I’m proposing here that the Great Plains as a region became the central place in the transformation of modern America (and that’s saying something–I’m a Southern historian by training and tend to think that everything important happened there; and I’m a Virginian by birth and tend to think that everything that ever happened at all happened there) for three reasons.

First, the Great Plains, particularly Kansas, became the site of displacement of Native peoples made possible with new forms of treaties–ones that were designed to enable specific railroad companies to profit from a process of severalty, indeed, experimenting with severalty long before the Dawes Act of 1887.

Second, workers came with the railroads and made the Great Plains a central region in the new industrial landscape taking shape in the U.S.

Third, the Plains became the site of a massive reconfiguration of landscape and the migration of millions, all structured around the expansion of the railroads.

The common experience in these years was a widely felt alteration that railroads, steamships, and telegraphs made possible in the relationship between space and time. This profound shift was something anyone experienced when traveling on the railroad as Andreas Mosser did, whether the individual was a company president, a general, a soldier, an emigrant, or a runaway slave. The 19th c. phrase for this was “annihilating space and time.” Time and space were not actually obliterated, of course, but they were rearranged, compressed and lengthened and warped.

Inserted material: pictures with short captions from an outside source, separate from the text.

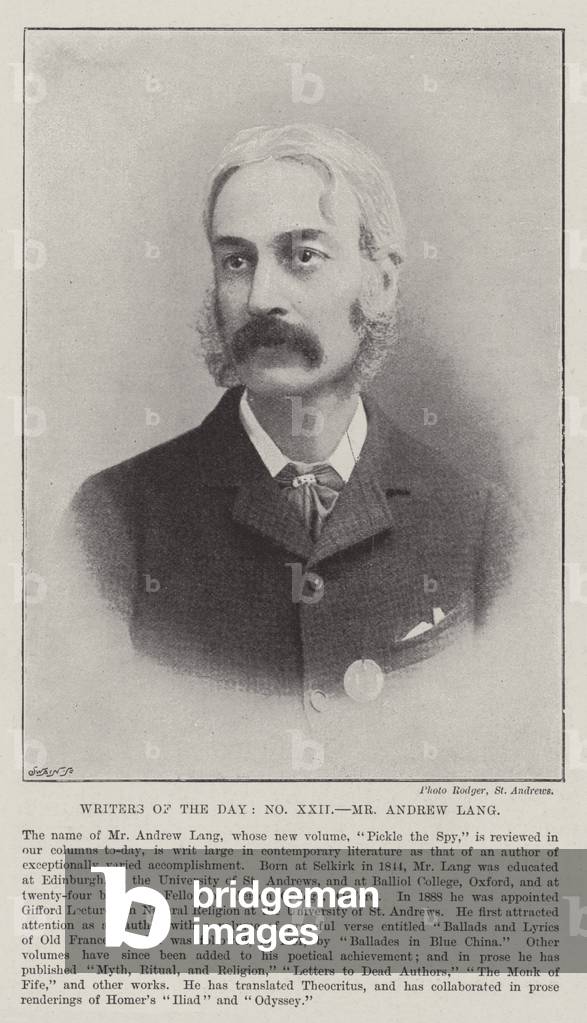 Writers of the Day, Mr Andrew Lang (b/w photo)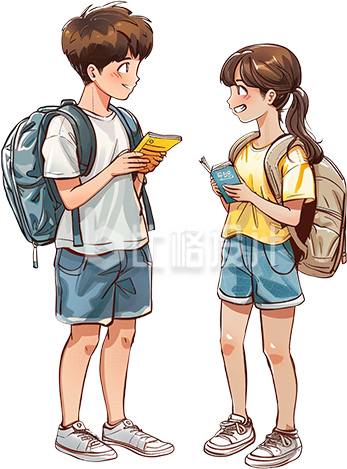 黄色手绘风学生交流学习插画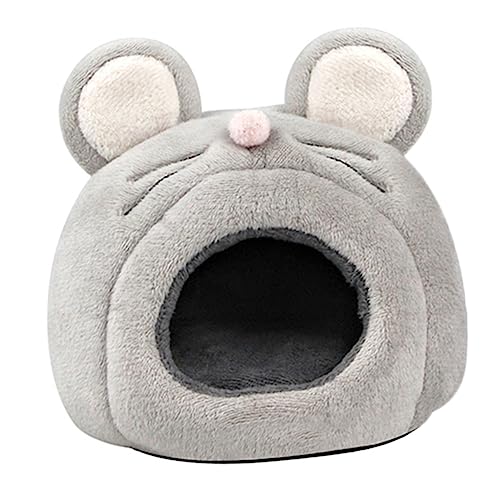 Gatuida Winterheim für Hamster Zwinger Rattenbetten Hamster verstecken Plüsch Chinchillakäfig kanninchenhäuser kaninchenhäuser Nistplatz für Hamster Hamsterschutzhaus Fussel Grey von Gatuida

Nineteenth-century Americans, in short, experienced something similar to our circumstances today when we say that the world is getting flatter. They confronted a rapidly developing set of technologies that made their world smaller, faster, and more intricately complicated. But they also participated in and witnessed the vast expansion of the nation across space and through time. To use today’s terminology, the railroad was a hardware and software system with “interfaces”, such as the time table, and, like the Internet, these interfaces performed all sorts of tasks for Americans, slowly altering how people saw themselves, their futures, and their opportunities. In this respect the initial burst of the railroad and telegraph era, from about 1840 to 1880, was one of the first transformative technological periods in American history. Henry Adams described this years later, when in The Education of Henry Adams, he noted that his generation was “mortgaged” to the railroads and that the railroads “absorbed the energies” of 60 million Americans. The people in the Great Plains region stood at the center of this energetic absorption.

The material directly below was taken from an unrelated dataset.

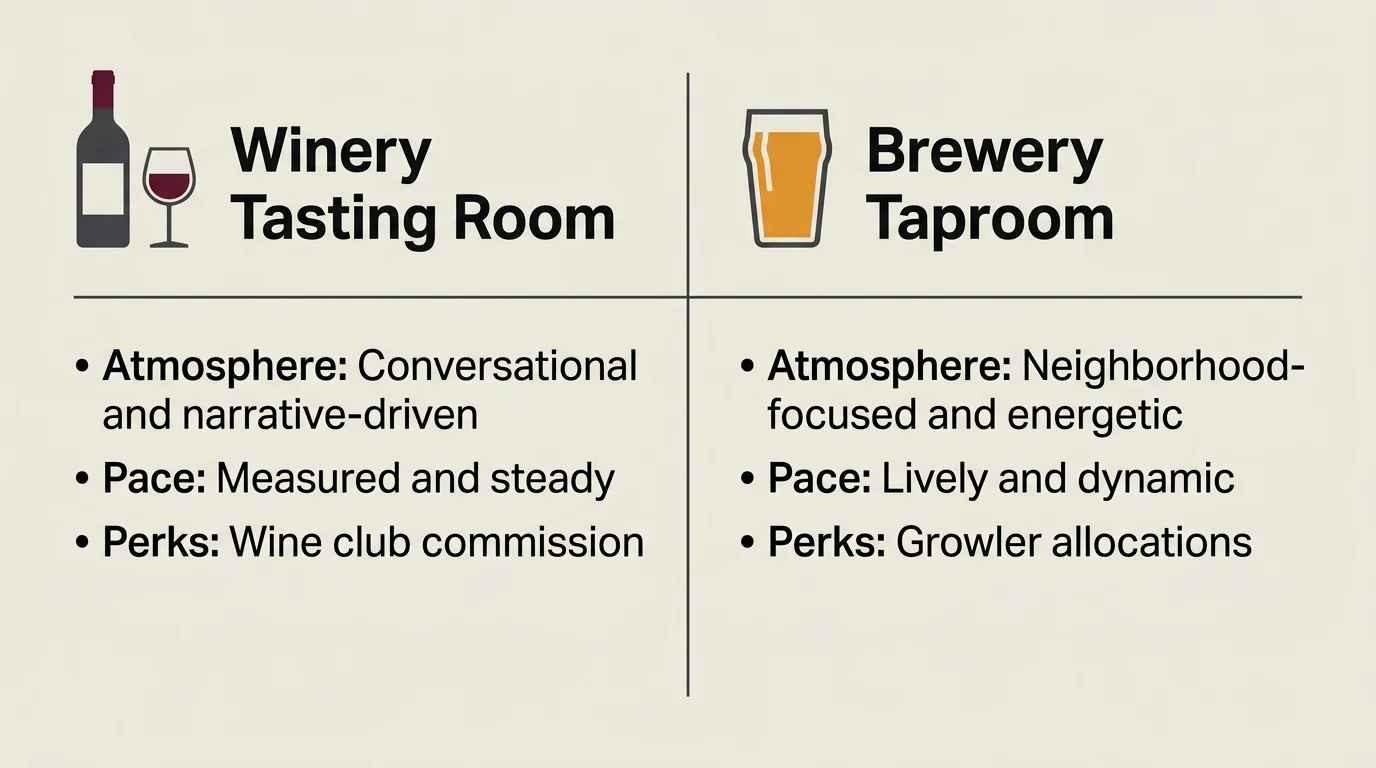 A minimalist chart comparing winery roles, which focus on tasting and wine clubs, with brewery roles, which focus on neighborhood taproom vi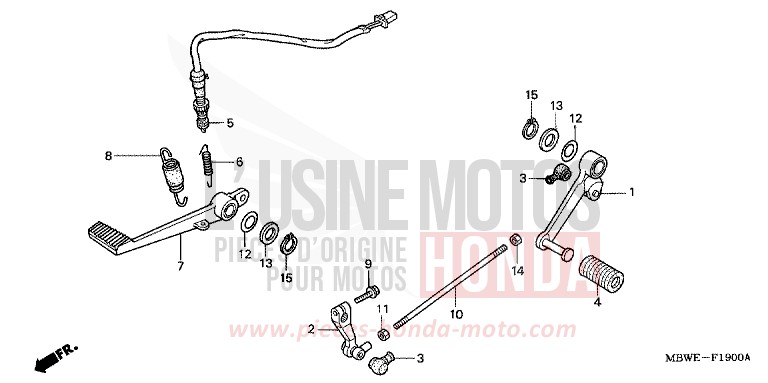 BRAKE PEDAL/CHANGE PEDAL for CBR600F ACCURATE SILVER METALLIC (NH146) from 2003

To understand this, let’s start with a time table. The time table was an astonishingly complex innovation and perhaps the best example we have of an “interface” to the railroad system. At first, time tables were printed on small cards because local railroads, such as the Boston & Worcester, made just one or two runs a day over a short distance. But the 1850s marked a major shift as hundreds of new junctions came on line in the Midwest and South. Railroads in this period operated primarily as passenger lines, and time tables for longer lines became increasingly intricate. The time table presented Americans with an abstract geography, a chart of time, cost, place, and distance. Andreas Mosser would have consulted something like this–and in his journey he navigated this abstract geography.

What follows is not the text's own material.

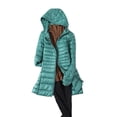 thumbnail image 1 of WEAIXIMIUNG Womens Down Jacket Women's Solid Color Mid Length Hooded Down Jacket with Drawstring Slim Fit Portable Outerwear, 1 of 4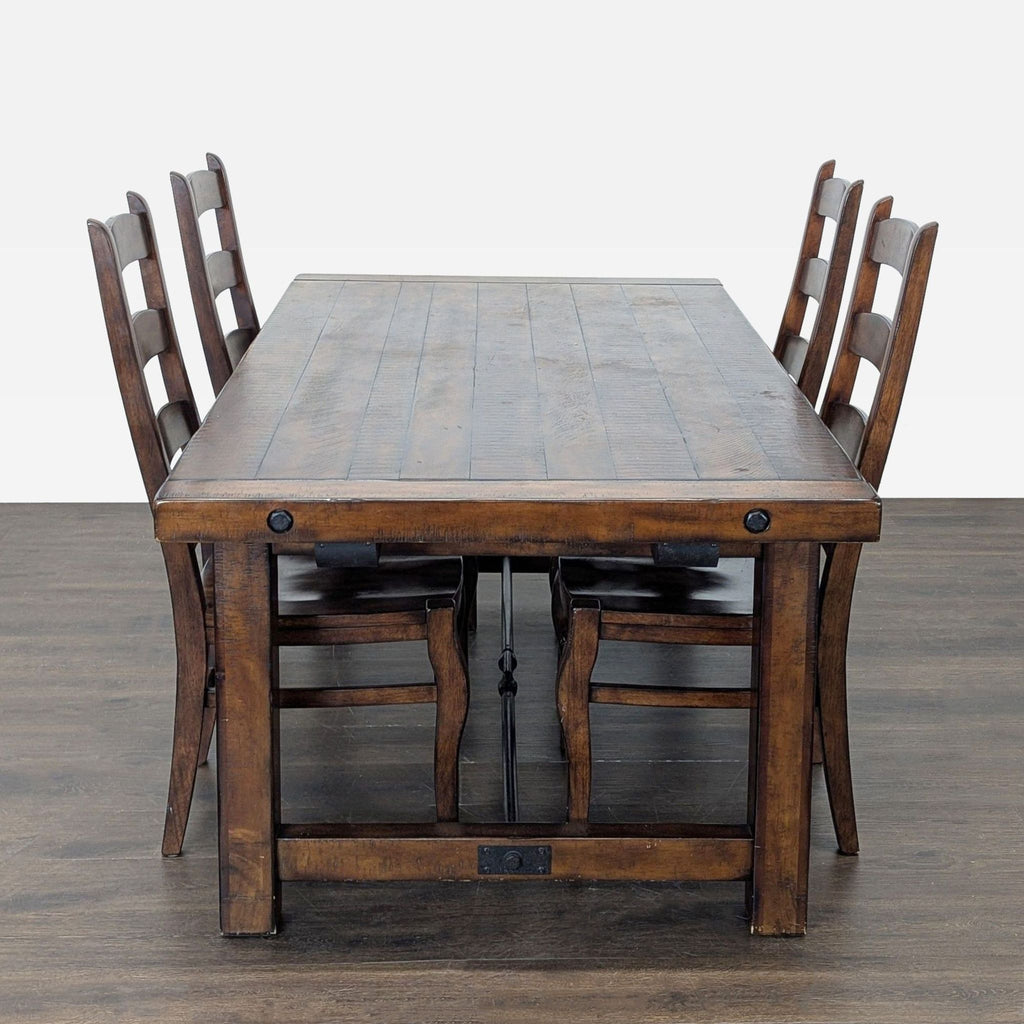 Pottery Barn Benchwright Rustic Wood Extendable Dining Table with 4 Wynn Chairs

But the 19th c. time table has proven very difficult to represent, even with computer technology, and especially difficult to reconstitute. This is true because of two essential, but often overlooked, truths: the railroad network was always changing, never the same at any given time or place, though people acted as if it were–and because when people read the time table, they brought their own experience and information to the table. A new history of the railroads in the Great Plains would need to take full account of these. These transformations were not inevitable, nor were they determined by the technology; instead, we need to reconstruct how people used the railroads, and the social changes they experienced.

At this point I should say that seeing the railroads as the transformative technology of the 19th century seemed especially relevant to me in the context of the digital revolution we have been living through. As a scholar working in the digital humanities, I was experiencing not only the exuberance (19th c. writers used the word “mania”) but also the uncertainty and anxiety of the digital age.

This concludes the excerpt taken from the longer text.